Y cuando le presenté a mi última compañera, Rihanna, mestiza belga-ruandesa, de madre tutsi y padre judío húngaro, sobrina-nieta del último rey de Ruanda, Kigeli V, exiliado en Washington, emitió un silbido de voz:
—Si eso te parece divertido, es tu problema.
Su propia sangre lo traicionaba. Había soñado con una teutona, le caía encima una mulata. Para tranquilizarse, exploraba con ella en los meandros de la genealogía: le explicaba que ella no era africana, sino nilótica (de la región del Nilo, como los egipcios), y su tez, relativamente clara según las horas (pálida por la mañana, oscura por la noche), lo dejaba más tranquilo. Ella lo escuchaba, irónica y cortés, le recordaba que su madre, originaria de Kivu, al este del Congo, era una africana corpulenta que apenas hablaba francés. A mi nuera, la compañera de mi hijo, italo-eslovena, le explicaba que tenía que olvidarse de su «patois» y hablar solo el italiano o el alemán, las únicas lenguas dignas de Europa Oriental. Por lo demás, consideraba que Eslovenia, provincia meridional de Austria, debería quedar reintegrada bajo el manto de Alemania o de Rusia. Por suerte, en él, el corazón era más fuerte que los prejuicios, y fue un abuelo tierno y generoso. En cuanto entrábamos en el campo de las relaciones personales, él disociaba el dominio de lo afectivo de sus propias opiniones, y sabía mostrar una auténtica disposición.
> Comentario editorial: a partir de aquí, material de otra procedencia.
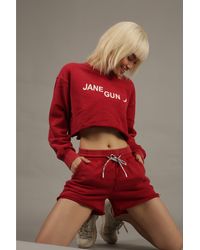 Jane Gun Shabby Washed Cherry Red Cropped Training Jumper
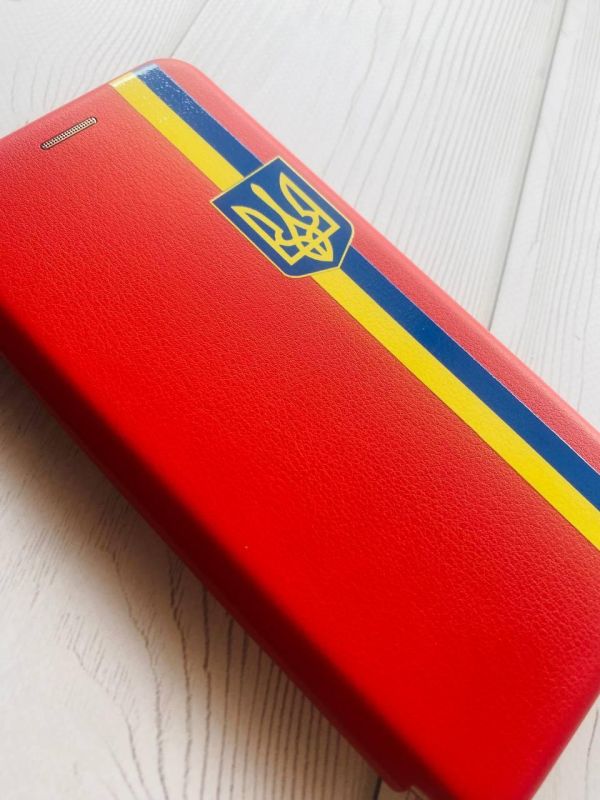 Чохол-книжка з малюнком для Samsung Galaxy A03 (A035) Червоний; Стрічка Україна (принт 253)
¿Soy yo mejor que mis padres? He evitado sus errores y he cometido otros. He empleado tantos esfuerzos en no repetir sus defectos que no he visto los que me amenazaban a mí. He dedicado mi vida a los libros, tal vez en detrimento de las personas. Como muchos de mi generación, he sido más bien un padre volátil a los veinte años con mi hijo, para transformarme más tarde, a los cuarenta y siete, en un papá-gallina clueca con mi hija. Servidor de un culto en vías de extinción, el del libro, en una época en que la ignorancia se ha vuelto militante, a veces me veo como el personaje de Les Bidochon, esa historieta de Binet: en una familia hortera de clase media francesa, un perro sabio, Kador, vulgar y sin raza, lee a escondidas a los filósofos, con cierta predilección por La crítica de la razón pura de Kant, mientras come su pienso. Cuando su dueño lo sorprende leyendo esas «cochinadas», le propina un tortazo y lo obliga a ver la tele con Mamá Raimunda. El perro suspira ante la vulgaridad de sus dueños y sueña con recuperar las bellezas de la más alta especulación. En el tren, el avión, el autobús, cuando todo el mundo teclea en su tableta o su smartphone, yo me siento como ese chucho apaleado, con mis libros y mis cuadernos, terriblemente anticuado.
Lo que hace a un artista es la resistencia, la voluntad de perseverar pese a las dudas, las malas críticas. Yo ejerzo una profesión cercana a la reclusión voluntaria. Escribir es encerrarse. El despacho es una prisión que nos abre las puertas de la libertad. De niño, adoraba los retiros en monasterios, con sus largas horas de meditación y plegaria, que tenían como función intensificar el silencio. Ahora llevo la Trapa en mí, tengo la celda en mi casa, me enclaustro durante todo el día y solo salgo por la noche para encontrarme con mis contemporáneos. Si he resuelto una dificultad o he terminado una página, me considero el más afortunado de los hombres. Me levanto por la mañana escuchando alguna cantata de Bach, la única prueba convincente de la existencia de Dios, como bien dijo alguien. Agazapado en mi tebaida, trabajando con música, en la cálida proximidad de los miles de volúmenes que me rodean, me siento increíblemente privilegiado. Tal como un autor se enclaustra para escribir, del mismo modo sueña con ver sus libros dispersos por las estanterías, sobre la arena de una playa o en el asiento de un tren. No hay homenaje más hermoso para él que haber servido de pretexto para que dos amantes se reconcilien y se consuman de deseo. Una obra existe para ser leída, olvidada y transmitida según las leyes del azar. Creamos encarcelados, tan solo existimos en la dispersión.